WHAT TO PRODUCE
In the material below, the required lines run from the one containing "Foto resep Mandai pedas manis pete" through the one containing "Farm milk cooling tank Farm". Copy those lines exactly, ends included, and nothing else.

DATASET EXTRACT

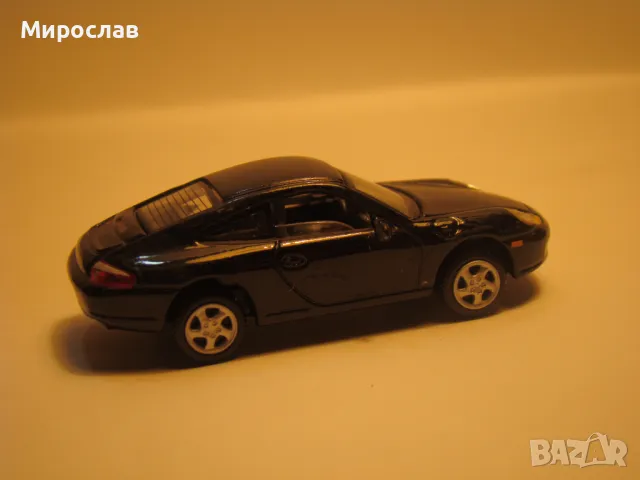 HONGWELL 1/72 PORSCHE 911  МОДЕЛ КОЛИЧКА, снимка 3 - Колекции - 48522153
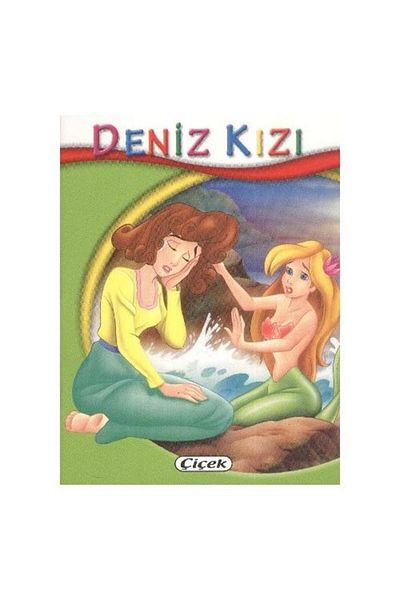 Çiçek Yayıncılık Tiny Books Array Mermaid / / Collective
---
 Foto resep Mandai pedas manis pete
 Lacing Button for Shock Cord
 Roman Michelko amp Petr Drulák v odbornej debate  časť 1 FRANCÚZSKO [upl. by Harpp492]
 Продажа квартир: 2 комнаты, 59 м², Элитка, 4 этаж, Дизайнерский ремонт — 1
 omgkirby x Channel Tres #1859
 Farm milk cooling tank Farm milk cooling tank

EXERCISE RESULT
 Foto resep Mandai pedas manis pete
 Lacing Button for Shock Cord
 Roman Michelko amp Petr Drulák v odbornej debate  časť 1 FRANCÚZSKO [upl. by Harpp492]
 Продажа квартир: 2 комнаты, 59 м², Элитка, 4 этаж, Дизайнерский ремонт — 1
 omgkirby x Channel Tres #1859
 Farm milk cooling tank Farm milk cooling tank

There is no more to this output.